>>>>
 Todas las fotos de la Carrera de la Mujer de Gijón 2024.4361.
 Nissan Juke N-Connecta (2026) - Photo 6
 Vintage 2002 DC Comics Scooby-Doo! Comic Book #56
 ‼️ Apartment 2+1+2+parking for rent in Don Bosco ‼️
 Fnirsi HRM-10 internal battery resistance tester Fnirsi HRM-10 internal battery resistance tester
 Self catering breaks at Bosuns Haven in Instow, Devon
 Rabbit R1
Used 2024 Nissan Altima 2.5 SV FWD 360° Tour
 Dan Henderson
<<<<
>>>>
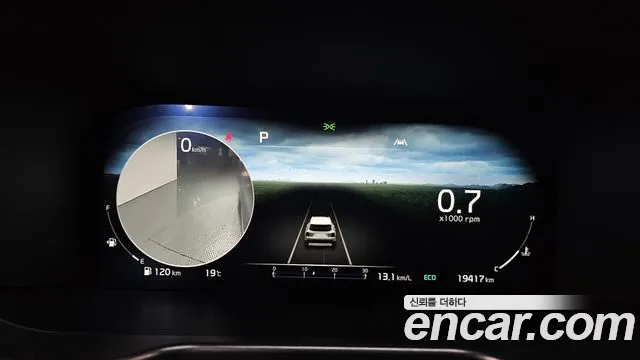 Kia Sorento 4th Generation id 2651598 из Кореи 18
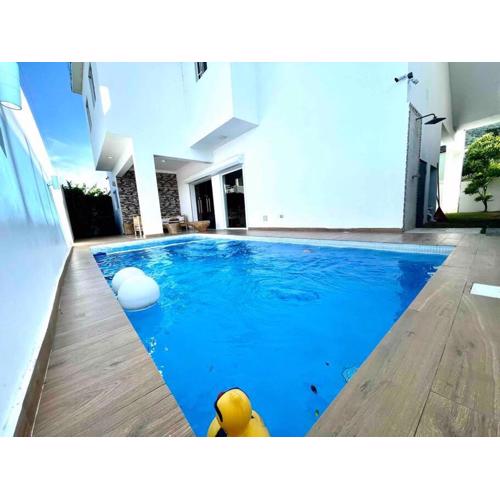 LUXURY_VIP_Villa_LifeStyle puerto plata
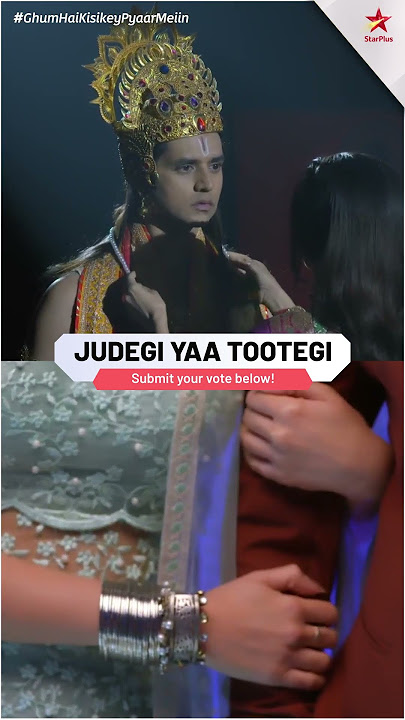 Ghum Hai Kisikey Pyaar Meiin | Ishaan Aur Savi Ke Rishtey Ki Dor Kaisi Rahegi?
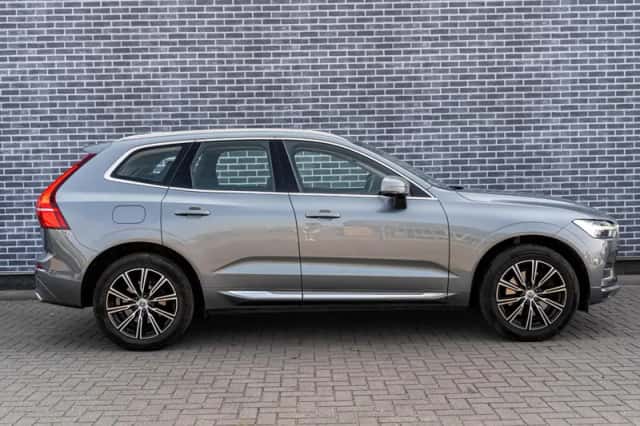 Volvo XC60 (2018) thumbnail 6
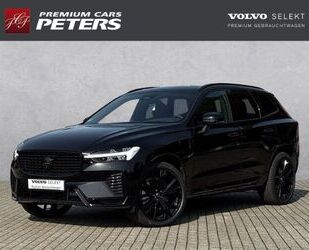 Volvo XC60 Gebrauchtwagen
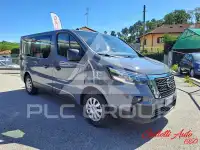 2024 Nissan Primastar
<<<<
• EXERCISE DESCRIPTION
After locating "Kia Sorento 4th" and "2024 Nissan Primastar" in the records above, return exactly the line holding each one and every line between them; leave out the pictures.

• EXPECTED ANSWER
 Kia Sorento 4th Generation id 2651598 из Кореи 18
 LUXURY_VIP_Villa_LifeStyle puerto plata
 Ghum Hai Kisikey Pyaar Meiin | Ishaan Aur Savi Ke Rishtey Ki Dor Kaisi Rahegi?
 Volvo XC60 (2018) thumbnail 6
 Volvo XC60 Gebrauchtwagen
 2024 Nissan Primastar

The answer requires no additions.